== Exercise goal ==
Which lines in the records below include the word "Necklace"? Report each of them in full.
- Opening Delimiter -
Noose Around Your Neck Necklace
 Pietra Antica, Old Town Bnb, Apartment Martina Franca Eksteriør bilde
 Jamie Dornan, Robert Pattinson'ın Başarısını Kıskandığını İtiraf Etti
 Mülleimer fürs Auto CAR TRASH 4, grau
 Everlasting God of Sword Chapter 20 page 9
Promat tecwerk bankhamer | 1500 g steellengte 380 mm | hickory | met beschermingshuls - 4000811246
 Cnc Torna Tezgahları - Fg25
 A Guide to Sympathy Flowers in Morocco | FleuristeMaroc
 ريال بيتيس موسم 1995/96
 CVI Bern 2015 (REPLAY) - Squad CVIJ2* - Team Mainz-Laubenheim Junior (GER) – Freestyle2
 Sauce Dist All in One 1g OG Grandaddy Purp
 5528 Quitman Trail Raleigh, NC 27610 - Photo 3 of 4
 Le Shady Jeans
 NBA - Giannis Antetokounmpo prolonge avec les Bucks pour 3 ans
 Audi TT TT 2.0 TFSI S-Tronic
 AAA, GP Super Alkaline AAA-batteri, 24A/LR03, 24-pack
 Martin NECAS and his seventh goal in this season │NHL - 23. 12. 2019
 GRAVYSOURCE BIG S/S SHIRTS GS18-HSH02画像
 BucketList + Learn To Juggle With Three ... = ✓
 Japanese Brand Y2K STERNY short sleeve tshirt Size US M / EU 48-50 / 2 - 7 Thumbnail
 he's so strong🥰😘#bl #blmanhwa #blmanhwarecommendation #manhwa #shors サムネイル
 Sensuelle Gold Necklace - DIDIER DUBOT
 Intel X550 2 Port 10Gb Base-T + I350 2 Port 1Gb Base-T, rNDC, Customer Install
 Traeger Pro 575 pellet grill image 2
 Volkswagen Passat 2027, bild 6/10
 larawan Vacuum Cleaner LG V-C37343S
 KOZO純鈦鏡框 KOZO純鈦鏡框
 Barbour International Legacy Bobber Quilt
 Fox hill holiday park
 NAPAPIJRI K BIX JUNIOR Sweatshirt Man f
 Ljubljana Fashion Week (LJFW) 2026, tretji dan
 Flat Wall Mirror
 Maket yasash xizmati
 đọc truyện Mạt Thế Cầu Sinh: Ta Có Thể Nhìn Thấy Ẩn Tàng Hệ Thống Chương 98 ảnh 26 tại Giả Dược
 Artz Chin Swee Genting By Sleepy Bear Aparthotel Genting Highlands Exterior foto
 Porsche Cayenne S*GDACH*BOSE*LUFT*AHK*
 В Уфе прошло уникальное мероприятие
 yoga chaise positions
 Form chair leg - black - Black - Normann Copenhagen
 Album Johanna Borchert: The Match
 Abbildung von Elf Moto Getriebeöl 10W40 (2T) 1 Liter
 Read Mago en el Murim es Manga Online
- Closing Delimiter -
== Answer space ==
Noose Around Your Neck Necklace
 Sensuelle Gold Necklace - DIDIER DUBOT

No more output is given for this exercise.